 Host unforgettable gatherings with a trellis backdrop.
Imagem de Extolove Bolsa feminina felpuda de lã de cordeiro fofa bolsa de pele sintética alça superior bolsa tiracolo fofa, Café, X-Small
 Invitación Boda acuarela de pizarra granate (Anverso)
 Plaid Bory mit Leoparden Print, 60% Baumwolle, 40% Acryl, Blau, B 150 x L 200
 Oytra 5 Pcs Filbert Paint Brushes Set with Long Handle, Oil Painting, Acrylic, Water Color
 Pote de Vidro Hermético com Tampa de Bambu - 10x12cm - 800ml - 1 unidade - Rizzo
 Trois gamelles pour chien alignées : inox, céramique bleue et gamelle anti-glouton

---

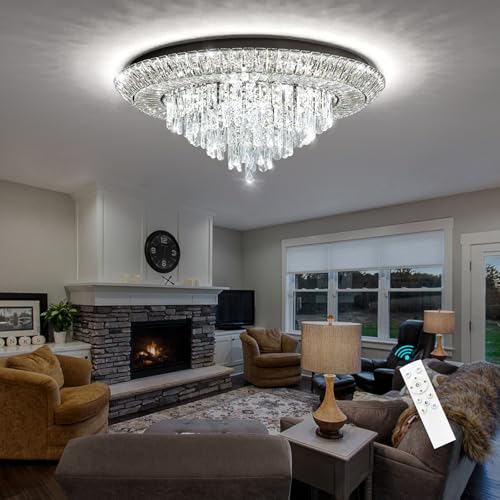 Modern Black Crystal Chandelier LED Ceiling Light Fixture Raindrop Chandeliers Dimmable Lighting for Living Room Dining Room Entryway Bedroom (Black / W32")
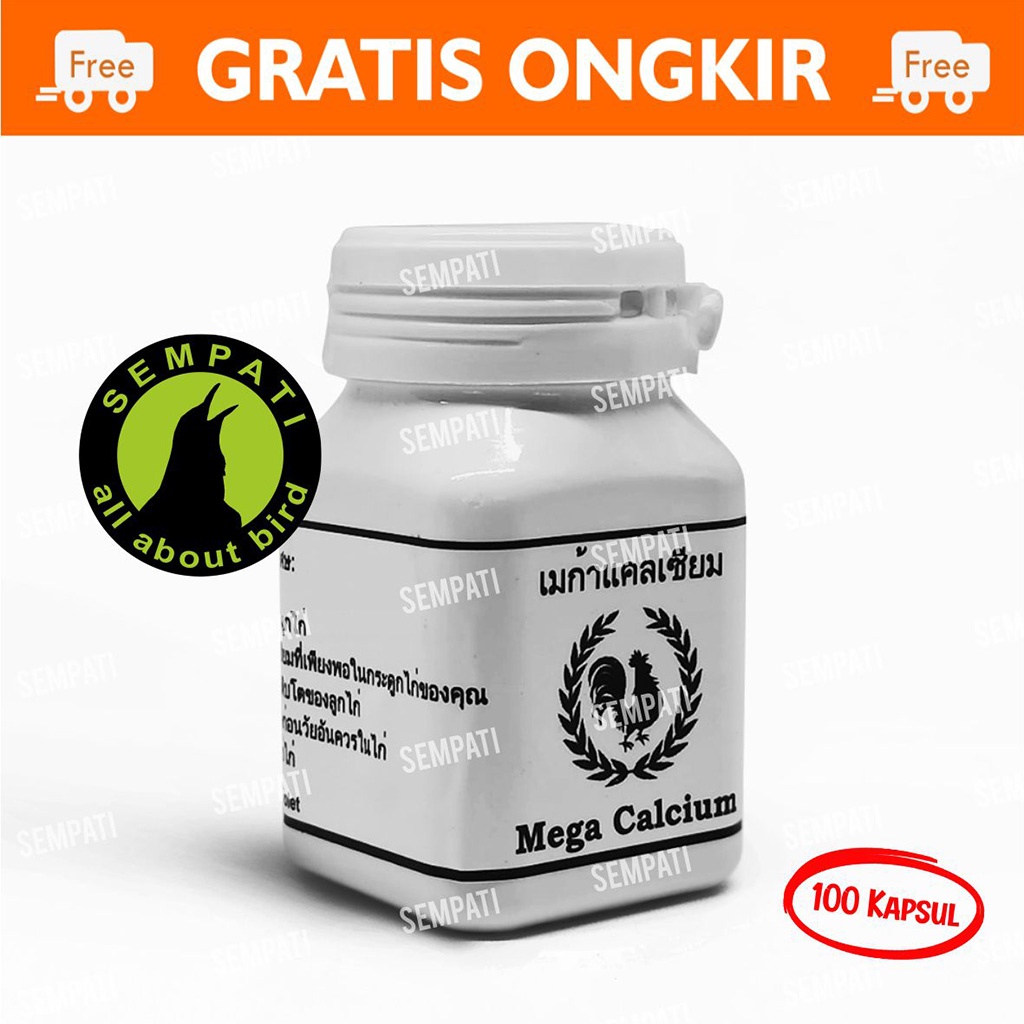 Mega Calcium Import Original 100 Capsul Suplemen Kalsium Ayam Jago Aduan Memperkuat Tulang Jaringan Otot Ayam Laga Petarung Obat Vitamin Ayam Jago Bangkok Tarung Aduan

---

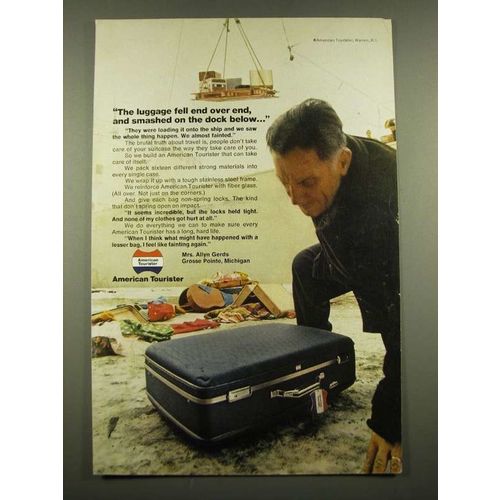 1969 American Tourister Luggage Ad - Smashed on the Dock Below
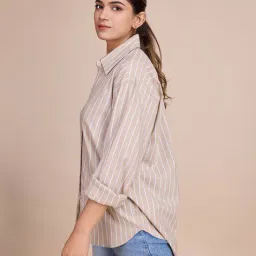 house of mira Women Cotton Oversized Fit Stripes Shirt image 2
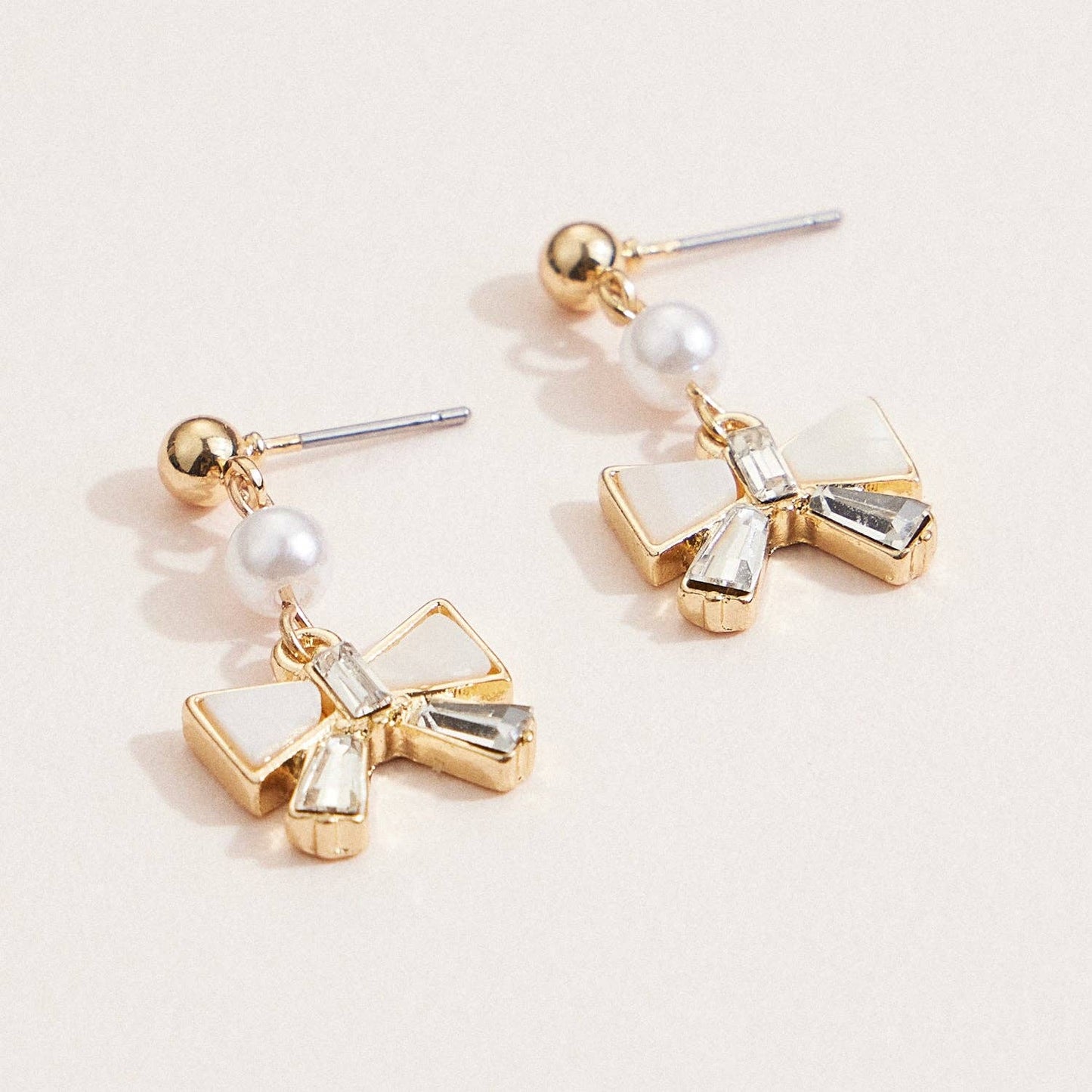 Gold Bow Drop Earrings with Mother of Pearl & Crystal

---

Requirement: Precisely the lines between those holding "Host unforgettable gatherings" and "Trois gamelles pour", inclusive, are to be reproduced from the listing above, with nothing added.

Completed task:
 Host unforgettable gatherings with a trellis backdrop.
Imagem de Extolove Bolsa feminina felpuda de lã de cordeiro fofa bolsa de pele sintética alça superior bolsa tiracolo fofa, Café, X-Small
 Invitación Boda acuarela de pizarra granate (Anverso)
 Plaid Bory mit Leoparden Print, 60% Baumwolle, 40% Acryl, Blau, B 150 x L 200
 Oytra 5 Pcs Filbert Paint Brushes Set with Long Handle, Oil Painting, Acrylic, Water Color
 Pote de Vidro Hermético com Tampa de Bambu - 10x12cm - 800ml - 1 unidade - Rizzo
 Trois gamelles pour chien alignées : inox, céramique bleue et gamelle anti-glouton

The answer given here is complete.